Он взял Людвига на руки и двинулся по незнакомым отпечаткам. Они все время шли рядом со следом Марион, иногда перекрывая его.
Спустя короткое время преследователи оказались на холме. Вот тут-то Зимородок остановился и завертелся на месте, как охотничья собака. Увиденное заставило его побледнеть: здесь Марион долго стояла на месте, а рядом с ней топтались чужие башмаки… затем с холма спустились только башмаки. След Марион исчез.
– И куда же она подевалась? – спросил Людвиг, когда Зимородок поделился с ним своими наблюдениями. – Не могла же она улететь?

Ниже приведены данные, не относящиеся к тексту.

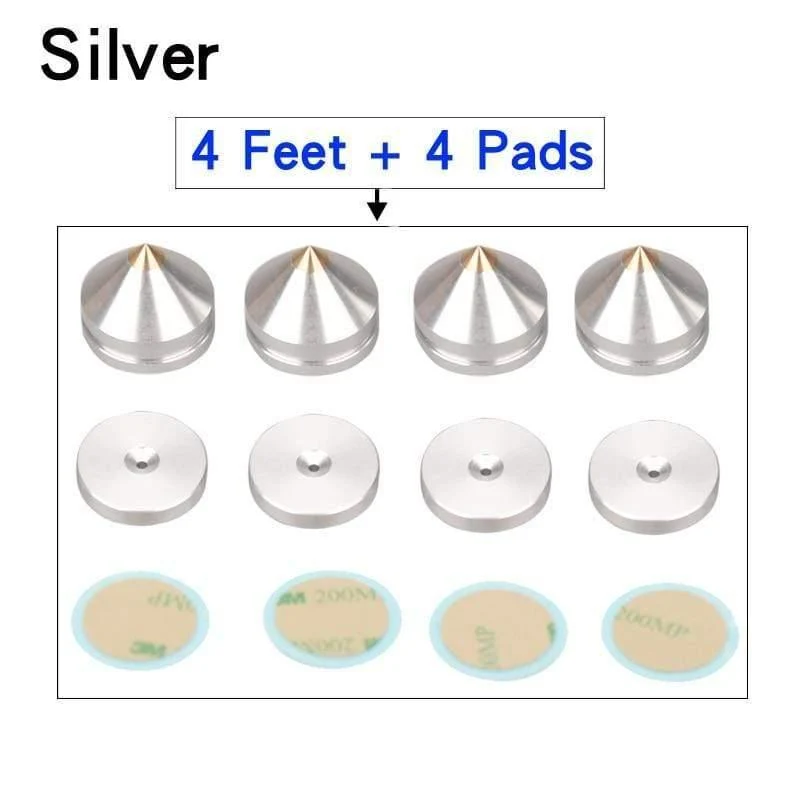 HIFIDIY LIVE 4PCS 4Sets Lautsprecher Stand Füße Fuß Pad Aluminium Legierung Metall (NICHT Natürliche Holz) Spikes Kegel Boden Fuß Nagel M23*20
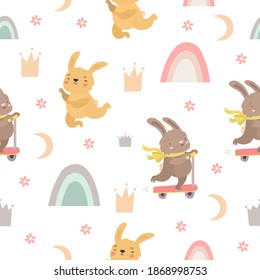 Cute baby pattern with bunnies and a rainbow, bunny on a scooter. Funny animals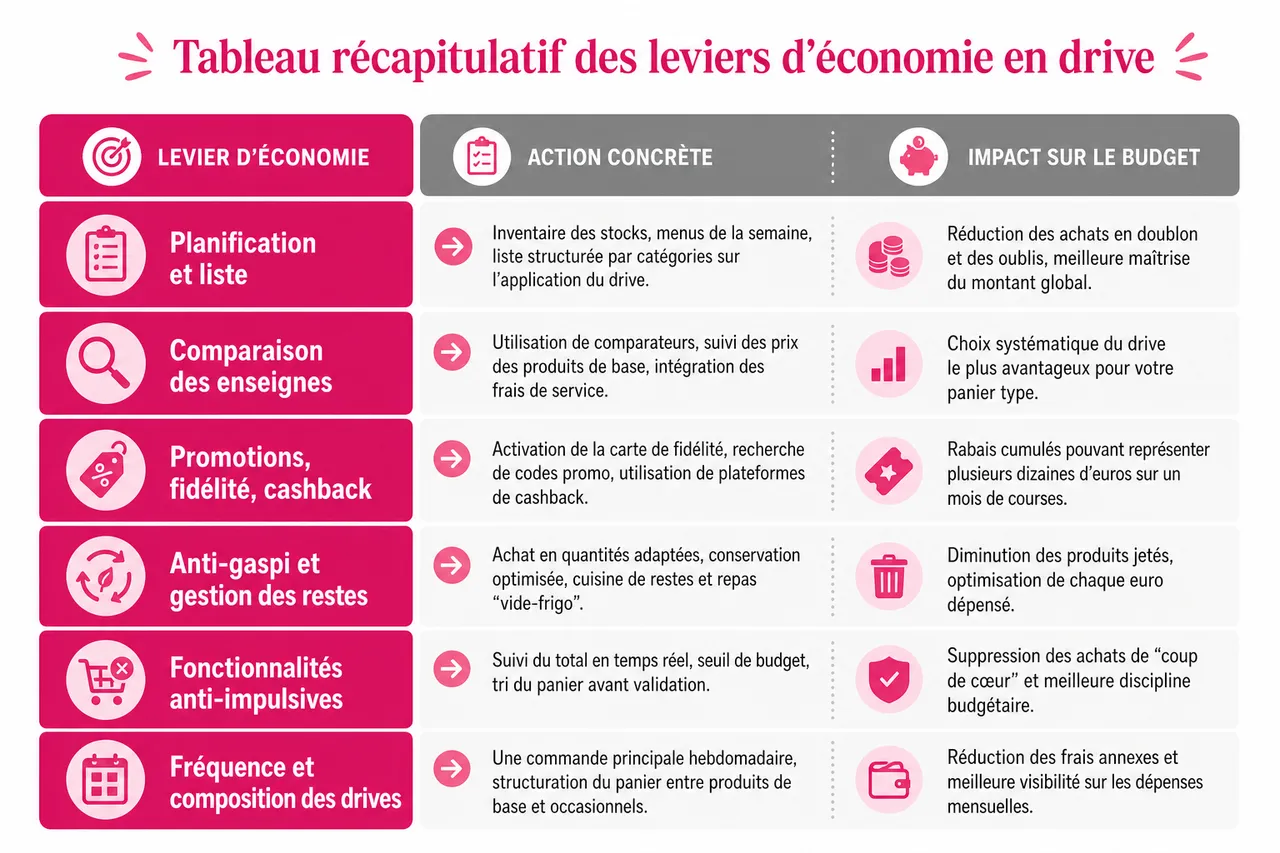 5 astuces pour économiser sur vos courses en drive sans y passer des heures , Tableau récapitulatif des leviers d’économie en drive
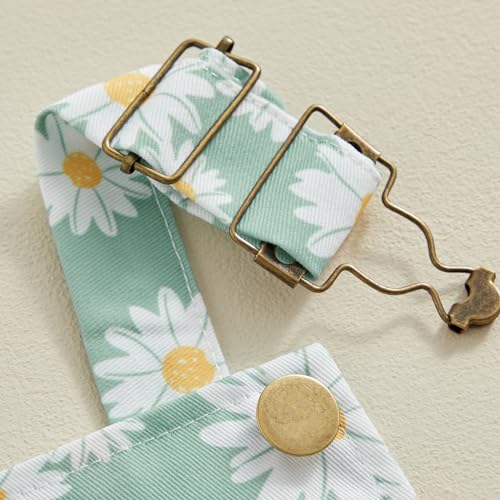 Ayalinggo Toddler Baby Girl Sunflower Print Overalls Shorts with Pocket Suspender Trousers Cute Summer Clothing Outfit (Daisy-green, 18-24 Months) - Image 3
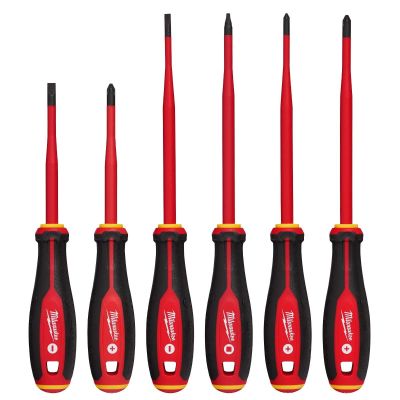 MLW48-22-2206 image(0) - Milwaukee Tool 6pc 1000V Insulated Slim Tip Screwdriver Set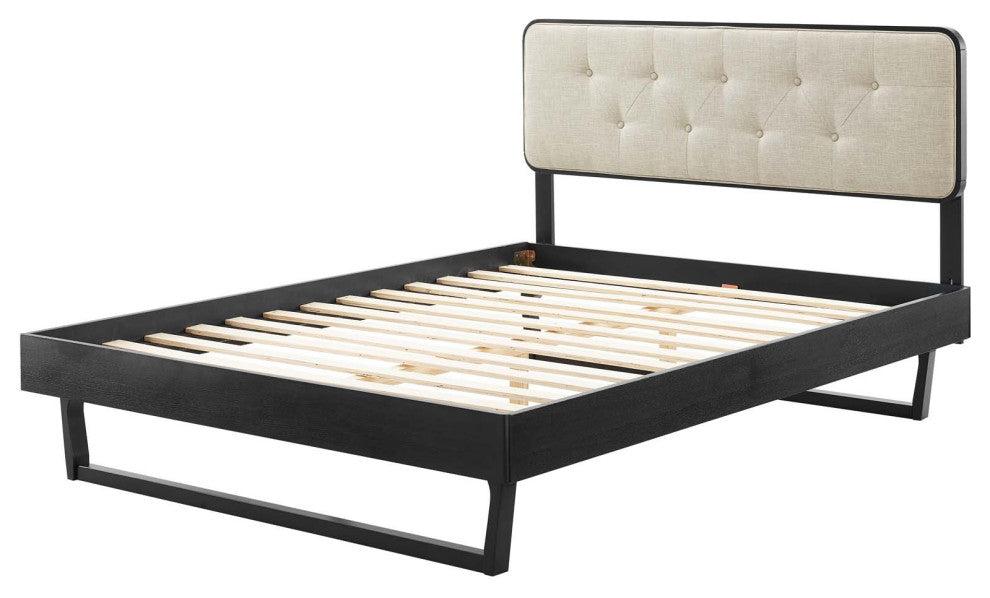 Platform Bed Frame, Queen Size, Fabric, Wood, Black Beige, Modern Mid-Century
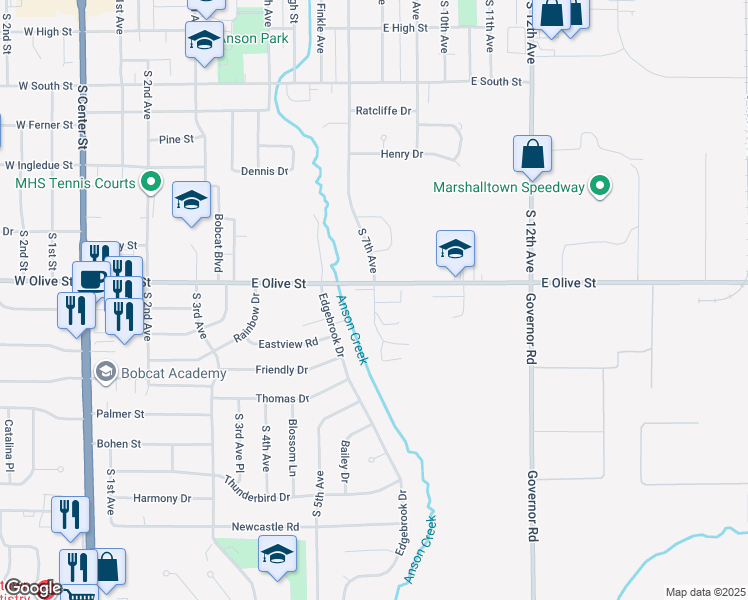 map of restaurants, bars, coffee shops, grocery stores, and more near in Marshalltown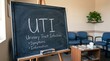 © Ulfi - A chalk-written medical presentation board clearly displaying 'UTI' with 'Urinary Tract Infection' and listing 'Symptoms' and 'Information' in a waiting room setting with chairs and tissue boxes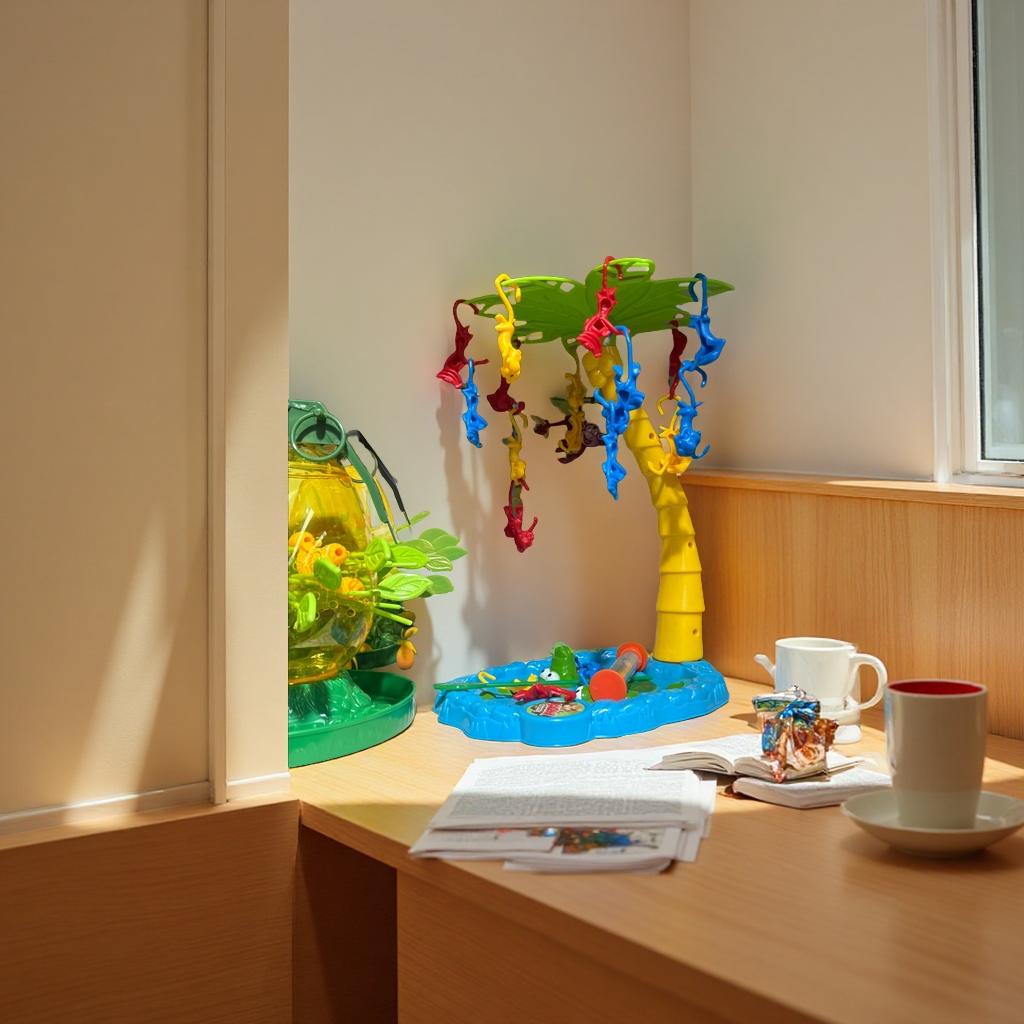 Wow Game猴子挂树桌游4岁以上彩色模型树桩吊钩家庭互动策略趣味游戏产品图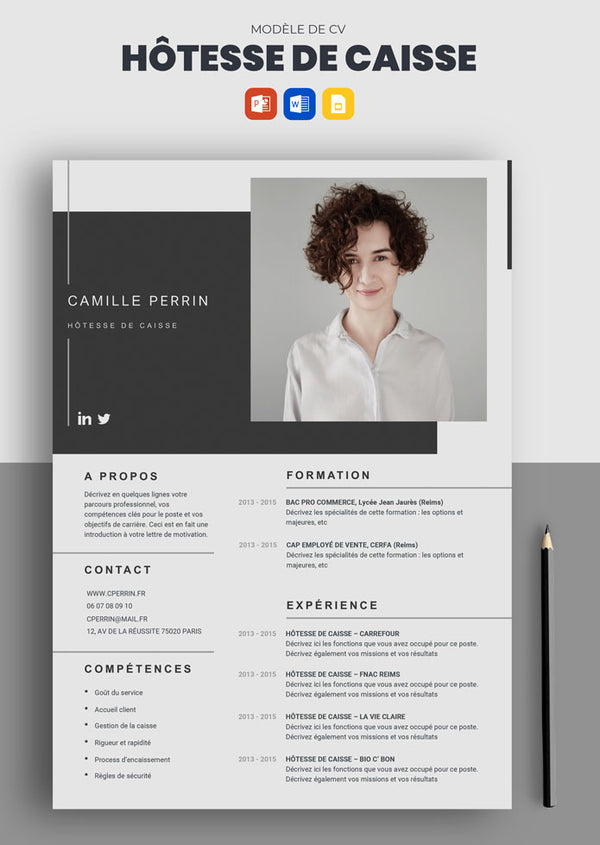 CV Hôtesse de Caisse à télécharger (Exemples) CV Market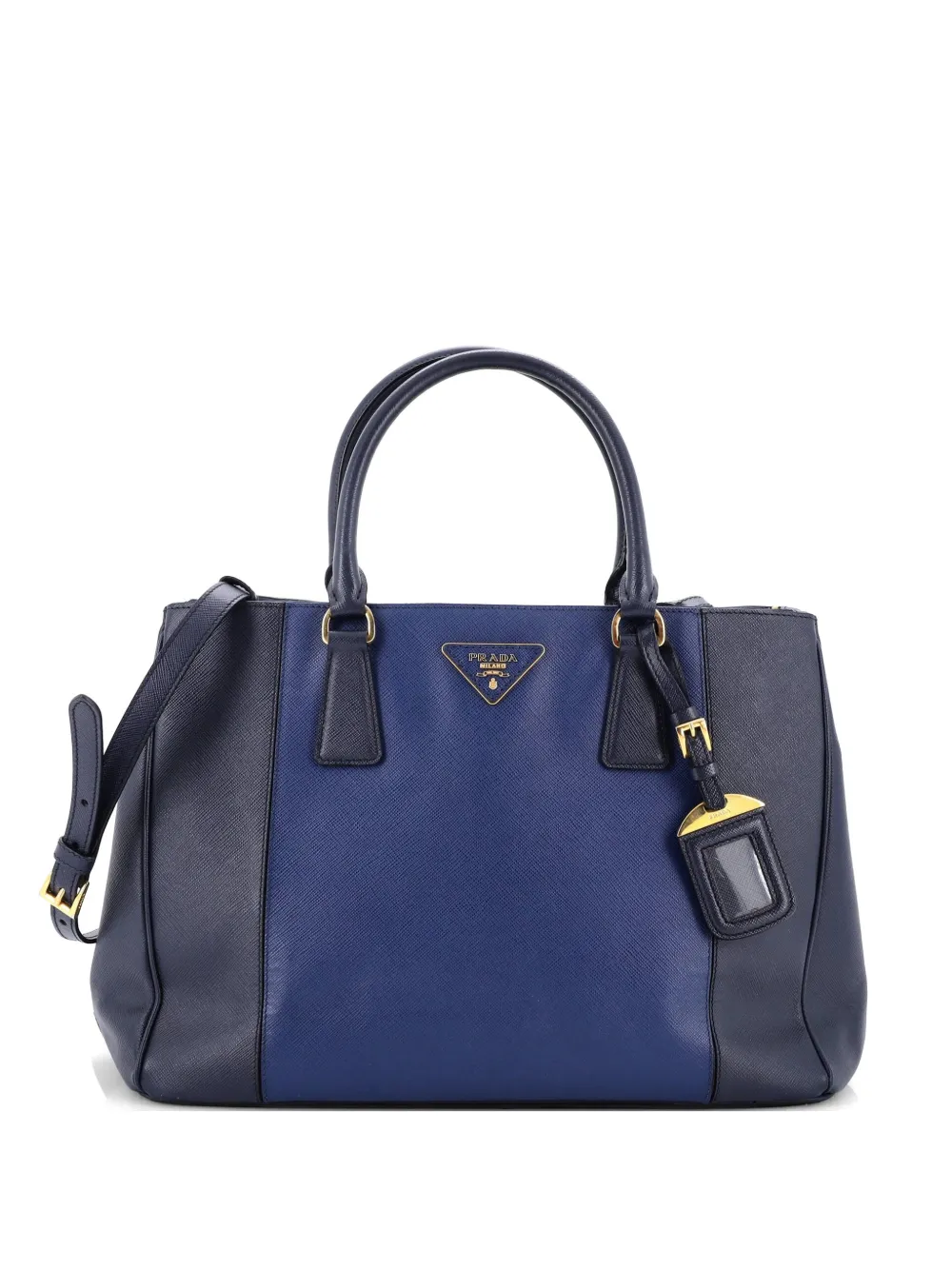 Prada Pre-Owned Mittelgroße Lux Tote Bag aus Saffiano-Leder mit Doppelreißverschluss - Blau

– Зато Стоптанный Башмак стал гораздо тяжелее, – заметил Зимородок. – Теперь он глубже впечатывается в землю.
– Ты хочешь сказать, что этот неведомый в башмаках съел нашу Марион? – ужаснулся Людвиг.
– Вряд ли, – успокоил его Зимородок. – Кто бы он ни был, наверняка оставил бы платье… кости бы целиком не сгрыз… Да и голову ни один хищник не съедает без остатка.
– Утешил, – буркнул Людвиг.
– Я уверен, что ее похитили, – сказал Зимородок.
Людвиг впал в лихорадочное состояние:
– Каков план действий?
– Сначала выследим, куда он ее уволок. Потом я оставлю тебя наблюдать и пойду за подмогой.
– Ну так иди, выслеживай! Что ты тут прохлаждаешься?
Зимородок пустился едва не бегом. След был хорошо виден, и Зимородок шел по нему так уверенно, словно кто-то нарочно проложил для него дорогу.
Лес вокруг становился все гуще, кроны деревьев смыкались в вышине – внизу было почти темно.
Вдруг впереди появился просвет. Зимородок пошел медленнее, стараясь не шуметь, а затем и вовсе остановился.
– Странно… – заговорил Людвиг.
– Говори тише. Что странно?
– Муравьи. Можно подумать, где-то поблизости открыли муравьиный сейм. Кстати, ты стоишь у них на пути.
Зимородок глянул вниз и поспешно отошел в сторону. Людвиг был прав. К прогалине вело множество муравьиных троп. Красные и черные муравьи перли вперед неудержимым потоком.
– Куда же это их несет? – пробормотал Зимородок.
– Боюсь, туда же, куда и нас, – мрачно ответствовал Людвиг.
Они прошли еще несколько шагов и опять остановились.
На краю поляны находился колодезный сруб. Это был старый, покрытый плотным темно-зеленым мхом сруб в виде домика с островерхой крышей и длинным медным воротом. Земля возле колодца была мокрой – несомненно, им недавно пользовались. Уже знакомые следы стоптанных башмаков не оставляли сомнений в том, кто именно брал из колодца воду.
Но куда больше настораживала большая серая сова, сидевшая на крыше и, противу всяких совиных обычаев, не спавшая днем. Ее круглые желтые глаза наблюдали за пришельцами. Когда Зимородок шагнул поближе, сова неожиданно надула перья, переступила с ноги на ногу, повернула голову назад и зловеще ухнула несколько раз.
Зимородок плюнул:
– В поганое место мы угодили! Ты что, не мог предупредить заранее, что здесь такое водится?
– Откуда мне было знать? Раньше здесь такого не водилось, – огрызнулся Людвиг.
Зимородок осторожно обошел колодец и почти сразу увидел второй. Он был таким же старым, и им тоже недавно пользовались. На крыше этого второго колодца также находилась сова, но, в отличие от первой, эта была совершенно дохлой. К ее иссохшему тельцу еще крепились изрядно поредевшие тусклые перья, а костлявые ноги мертво вцепились в древесину сруба. Однако и эта дохлая сова не теряла бдительности. Она издала хриплый звук, больше напоминавший карканье. Головой она, правда, не вертела, видимо, боясь ее уронить.